Temporary C++ amnesia 8|

[DKant]

void main()
{
int i=5;

i=(++i)/(i++);

cout<<i;
}

Simple one. But the result I expected was 1 while the actual thing is 2. So what exactly am I forgetting here?

 

[NikhilVerma]

This is simple....
Do you see the i++ part...

it's like this ++i makes the value of i 6
then iafter the division make the division of 6 with 6 and you get one...
which is stored in i
then the ++ makes it two....

Tell me if you didn't understand....

 

[sakumar79]

The answer is simple
i=(++i)/(i++)
First, ++i => i=6
Then, i++=> use six, and AT THE END OF THIS STATEMENT, ADD 1 to i
i=6/6=1
NOW, add 1 to i =>i=2

Hope that helps...
Arun

 

[NikhilVerma]

Dang the odds !!!!!

We made replies at the exact same time !!!
and in the similar fashion!!!

 

[harmax]

whatever the value of i the answer is 2




obviously

 

[DKant]

Ahh!
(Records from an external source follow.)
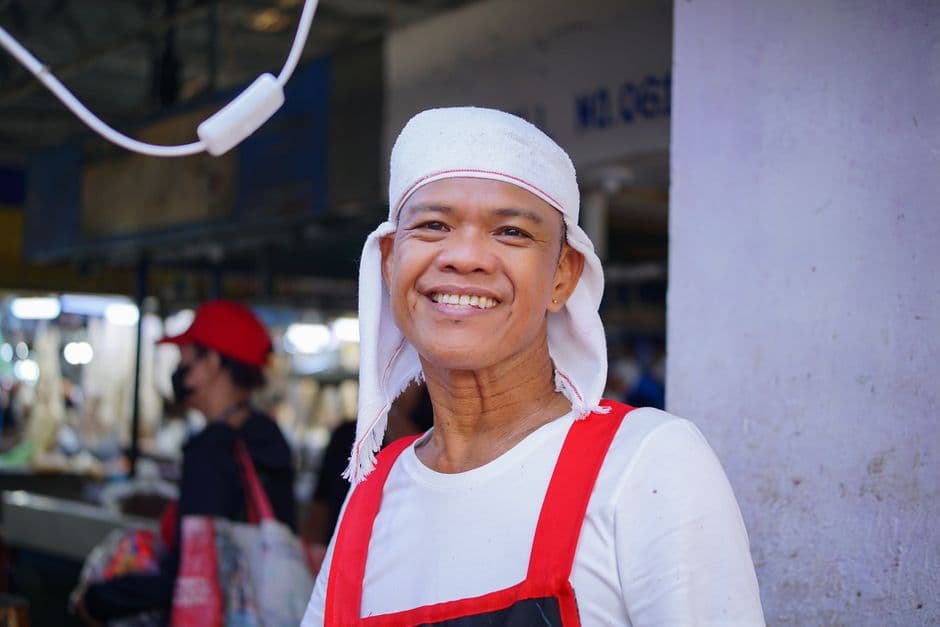 Friendly Filipino market vendor at a stall in Metro Manila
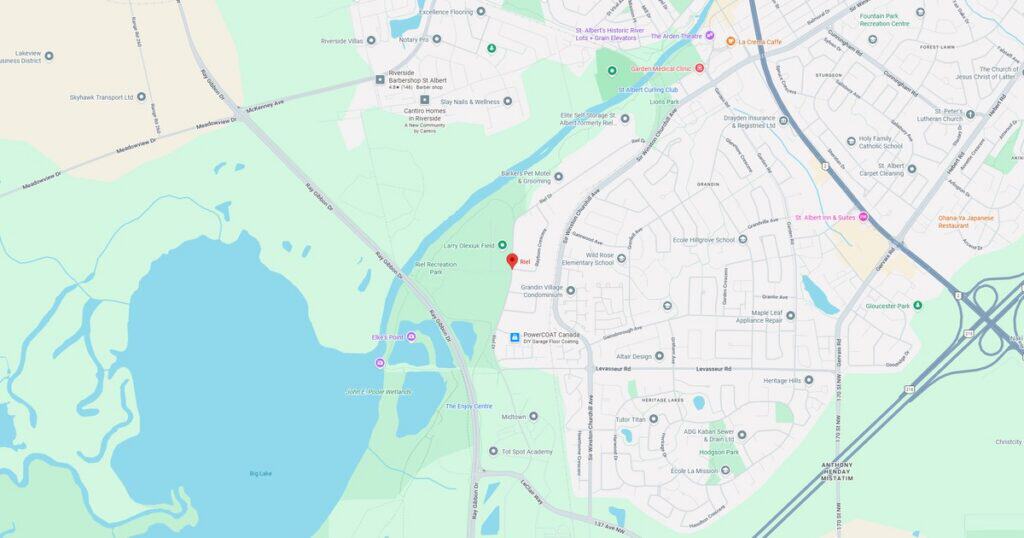Detailed map showing local park, nearby roads, water bodies, and surrounding neighborhoods in a suburban area.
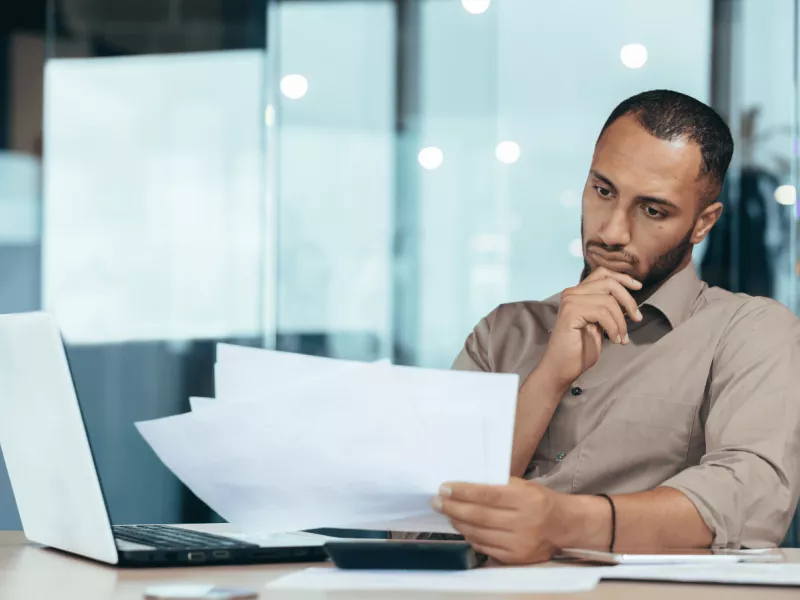 man sitting at a desk reviewing his pain and suffering claim documents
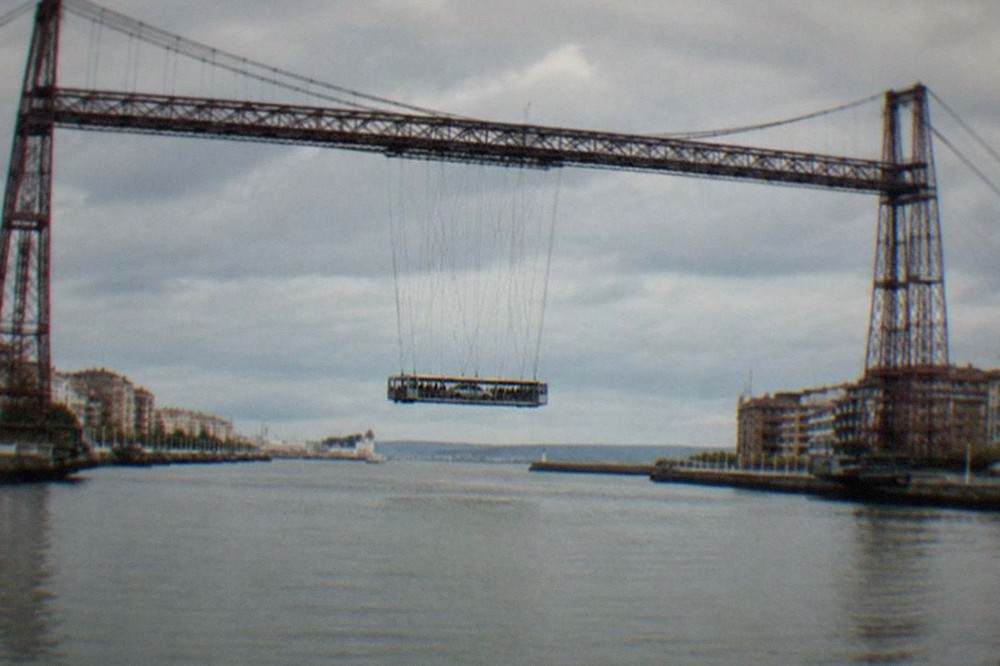 The suspended gondola of the Vizcaya Bridge carrying passengers and a car across the estuary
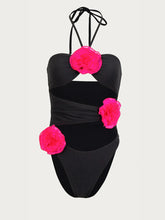 Black Halter Swimsuit with Pink Floral Accents and Cutout Detail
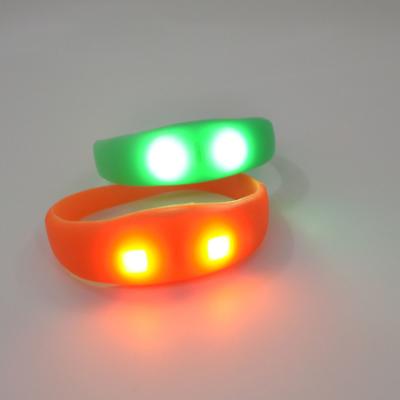 China Noise enabled; Custom LOGO decoration party party decoration glowing healthy flashing healthy activated lead silicone bracelet for sale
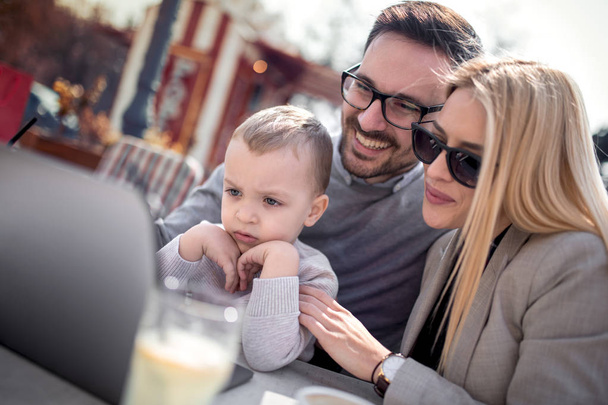 Happy young parents with their sweet boy in outdoors cafe. - Фото, зображення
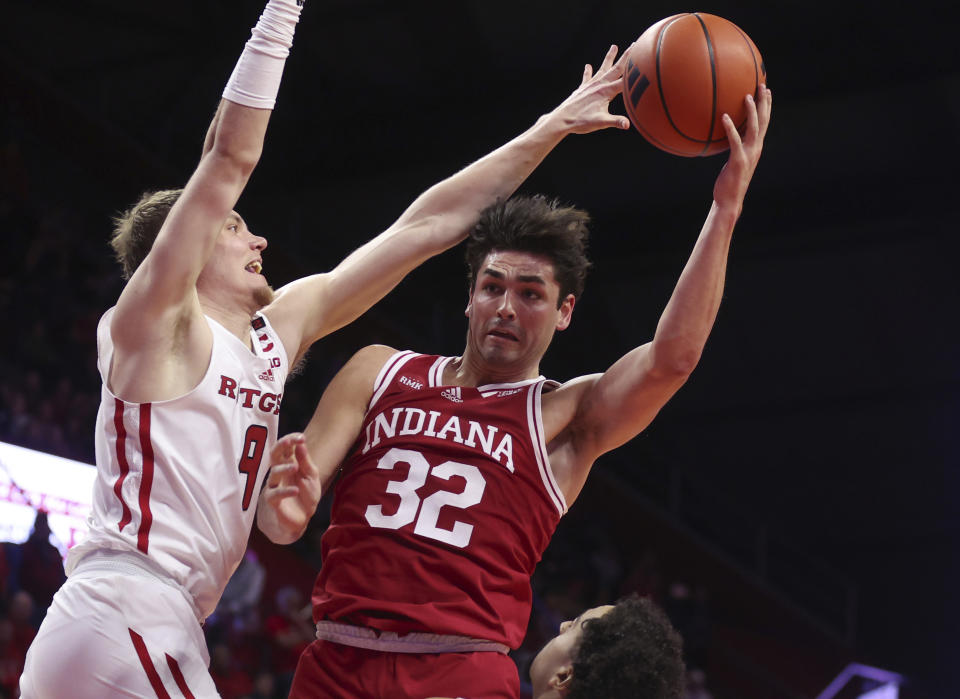 Rutgers forward Oskar Palmquist (9) defends a shot by Indiana guard Trey Galloway (32) during the first half of an NCAA college basketball game, Tuesday, Jan. 9, 2024 in Piscataway, N.J. (Andrew Mills/NJ Advance Media via AP)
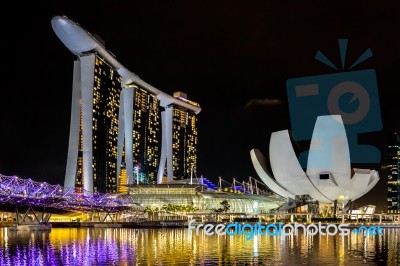 Singapore Skyline Illuminated At Night Stock Photo
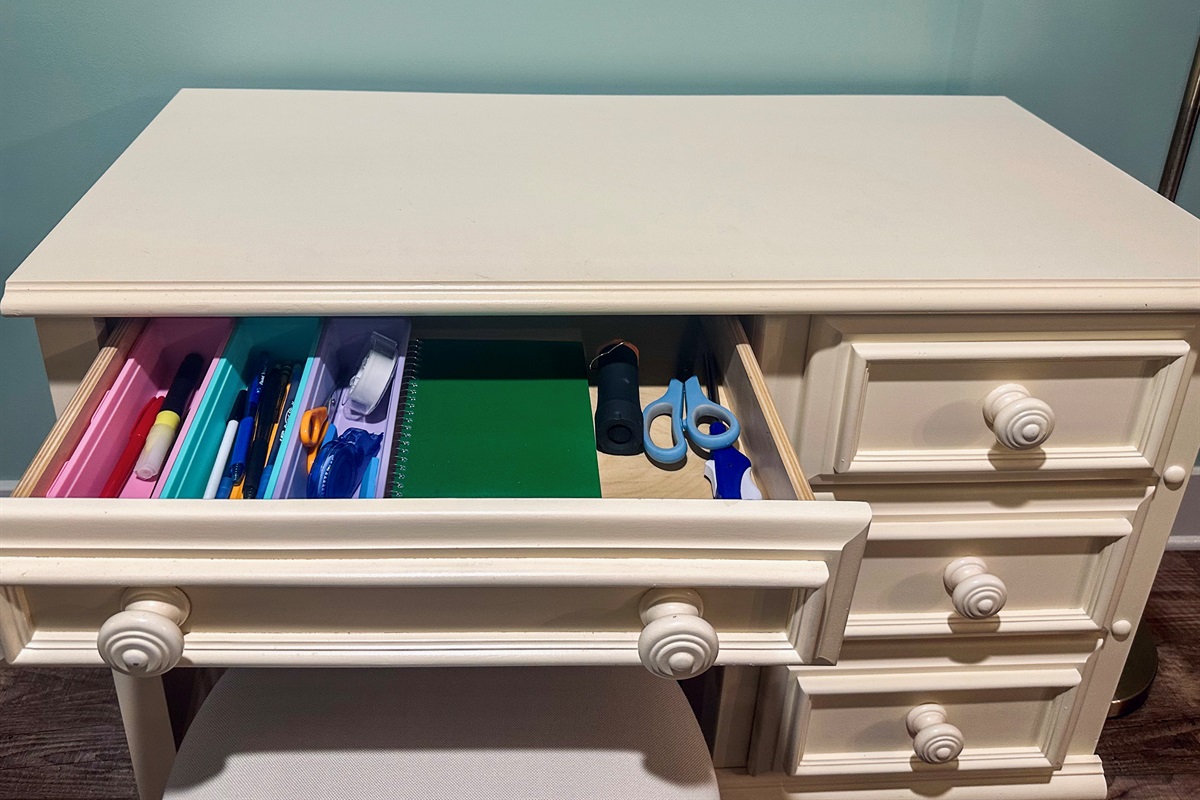 Desk drawer organized with office essentials including pens, pencils, scissors, and tape; additional drawers (not shown) include batteries, charging cables, and an extension cord.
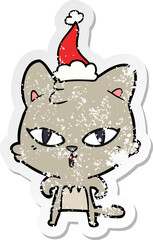 distressed sticker cartoon of a cat wearing santa hat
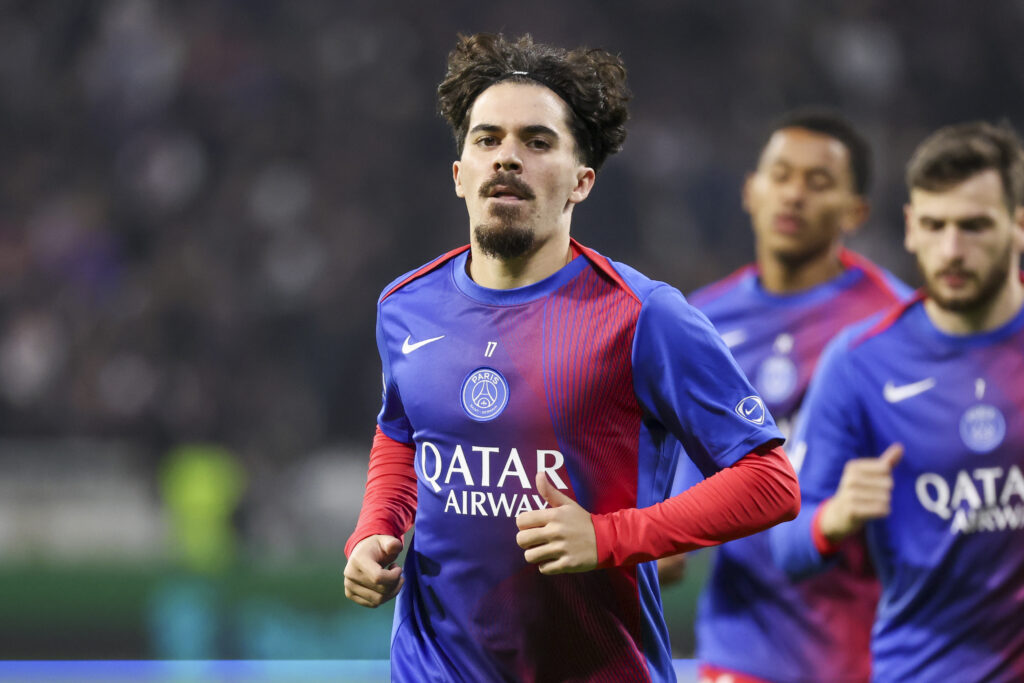 Vitinha #17 of Paris Saint-Germain warms up before the Ligue 1 McDonald's match between Olympique Lyonnais and Paris Saint-Germain at Groupama Stadium.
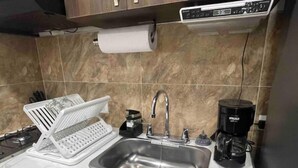 A kitchen with a stainless steel sink, a coffee maker, and a dish rack. - Pretty & Modern Private Studio 202 (Cali)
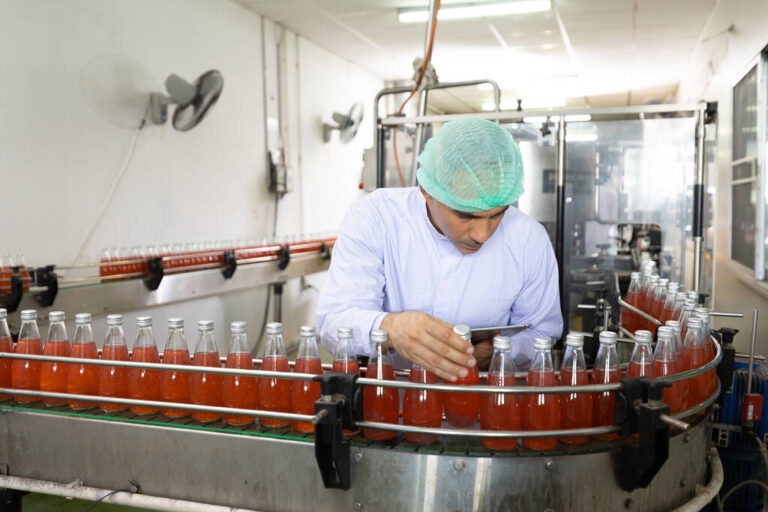male factory worker looking at basil seed drink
That's what I forgot. i++. Thanx a ton m8!

 

[harmax]

how come the division operator has higher precedence than '(' ?

 

[sakumar79]

Hi Nikhil,
It sure was a coincidence... What are the odds, 2 people posting the answer at the same time and in similar manner!!!

Harmax,
If you read my post or Nikhil's post carefully, and rework with any value of i manually, u will see the reason. It is not that division has higher priority over '(', but that it has higher priority over post-increment operator.

DKant,
Glad we could help...

Arun